The establishments stated in their turn that they had been more selective in their choice of performers since 2015, i.e. the beginning of Russia’s aggression in Ukraine, and even consulted the State Security Department in some cases.

“We [the ministry] asked whether it is possible to avoid the ministry’s interference in the repertoire, the choice of performers, or there nonetheless is an understanding that we are talking to national public establishments, which understand their mission and have the required competencies and skills, and if they don’t – we are ready to help. The answer was that the establishments understand the situation perfectly well...,” Kairys told BNS on Tuesday after a meeting with the representatives of national concert establishments.

The meeting between the minister and the executives of companies organizing concerts in Lithuania was held in the wake of last week’s discussions about plans of well-known Russian pianist Nikolay Lugansky to perform in Vilnius.

Lugansky earlier performed in Donetsk, the territory of Ukraine occupied by Russia, and planned another performance in October but was forced to call off his upcoming performances, including a concert in Lithuania, due to an injury.

The minister spoke about the existing “general agreement that we should not take the path of censorship” but added that it had been agreed to comply with certain common principles in the selection of performers and to take into account their performances in the occupied territories of Ukraine as well as other information, such as the downplaying of the said occupation in public statements, manifestations of homophobia and anti-Semitism or even sexual harassment scandals.

“We will provide every assistance necessary, including the improvement of competencies…, prevention and ways to deal with communication crises. We will ensure these competencies and inter-institutional cooperation shall take place each and every day,” Kairys said.

He told reporters at a news conference that Lithuania had already created a blacklist of unwanted persons and therefore the ministry would not issue any separate guidelines for establishments in relation to persons that could be allowed to enter the country.

The focus would be on possibilities to consult both the ministry and special services, he explained.

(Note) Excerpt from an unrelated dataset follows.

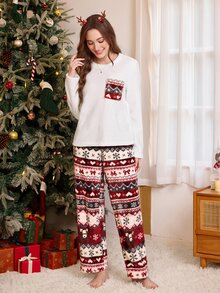 CoupledUp Women's Fashion Christmas Style Printed Long Sleeve Long Pants Comfortable Flannel Fabric Pajama Set - White - View 2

“It is clear to everyone that there is a war going on in Ukraine, that the performers who stage or staged concerts there [in the occupied territories], who also say something to laud Russia, its regime, are incompatible with the approach, policies or values of our country,” the minister said.

“However, we must not give rise to rumours that you have to be screened by special services if you want to go on stage in Lithuania. I do think that we are conscious and critical and we should be able to eliminate those threats after making some improvements to the methodology,” he added.